Notebook

Live oaks introgression manuscript¶

Notebook 4: Population analyses¶

D. Eaton, A. Hipp, A. Gonzalez-Rodriguez & J. Cavender-Bares¶

contact: deren.eaton@yale.edu¶

In [110]:

%%bash
mkdir -p analysis_treemix/
mkdir -p analysis_structure/

In [2]:

import numpy as np
import gzip
from collections import OrderedDict, Counter

import matplotlib.pyplot as plt
import seaborn as sns
%matplotlib inline

Treemix analysis¶

I run a custom python code below to convert the unlinked snps file from the pyrad output into a Treemix input file. This requires grouping sampled individuals into populations, and calling biallelic SNP frequencies for them. I grouped the four non-Virentes white oaks into the outgroup sample.
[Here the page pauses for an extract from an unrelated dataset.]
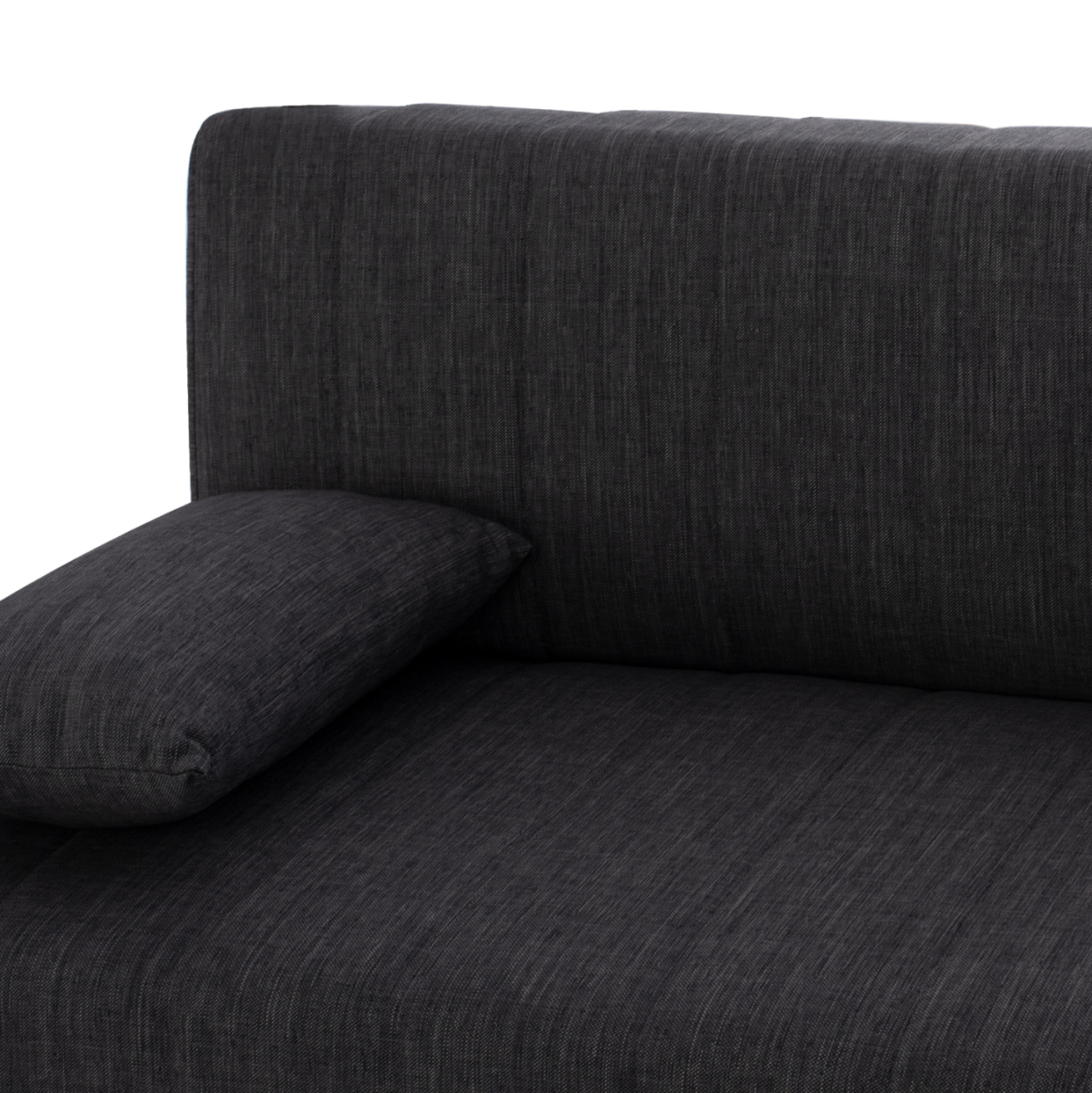 Hm3239.03 ANDRI three-seater sofa-bed, gray fabric, short legs, without arms [6]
Each ingroup taxon is its own population, except for Q. fusiformis for which I split up the Texas and Mexico populations, for a total of 9 populations.

In [1]:

## group sample names into taxon names
## again I exclude the South Carolina sample of virginiana, which has less data.

taxa = {
    'virginiana' : ["LALC2","FLSF33","FLBA140"],
    'minima'     : ["FLCK216","FLSA185","FLMO62","FLSF47"],
    'geminata'   : ["FLCK18","FLWO6","FLSF54","FLAB109"],
    'sagraeana'  : ["CUSV6","CUVN10","CUCA4"],
    'oleoides'   : ["MXSA3017","BZBB1","HNDA09","CRL0001","CRL0030"],
    'brandegeei' : ["BJSB3","BJSL25","BJVL19"],
    'fusiformis.m' : ["MXED8","MXGT4"],
    'fusiformis.t' : ["TXMD3","TXGR3"],
    'outgroup'   : ["EN","AR","DO","DU"],
}

## used to require that all populations have data for at least
## one individual in each locus that we use
minhits = [1]*9

In [3]:

## resolve ambiguity characters
def resolve(base):
    D = {'R':['G','A'],
         'K':['G','T'],
         'S':['G','C'],
         'Y':['T','C'],
         'W':['T','A'],
         'M':['C','A'],}
    if base in D:
        return D[base]
    else: 
        return [base,base]

In [4]:

## print groups and minhits 
for i,j in zip(taxa,minhits):
    print "\t   ",i, taxa[i], 'minimum=',j
    
## read in data to sample names
#infile = open("outfiles/c85d6m4p3.unlinked_snps",'r')
infile = open("analysis_pyrad/outfiles/virentes_c85d6m4p5.unlinked_snps",'r')
dat = infile.readlines()
nsamp,nsnps = dat[0].strip().split(" ")
nsamp = int(nsamp)
nsnps = int(nsnps)
NDATA = np.empty([int(nsamp),int(nsnps)],dtype='object')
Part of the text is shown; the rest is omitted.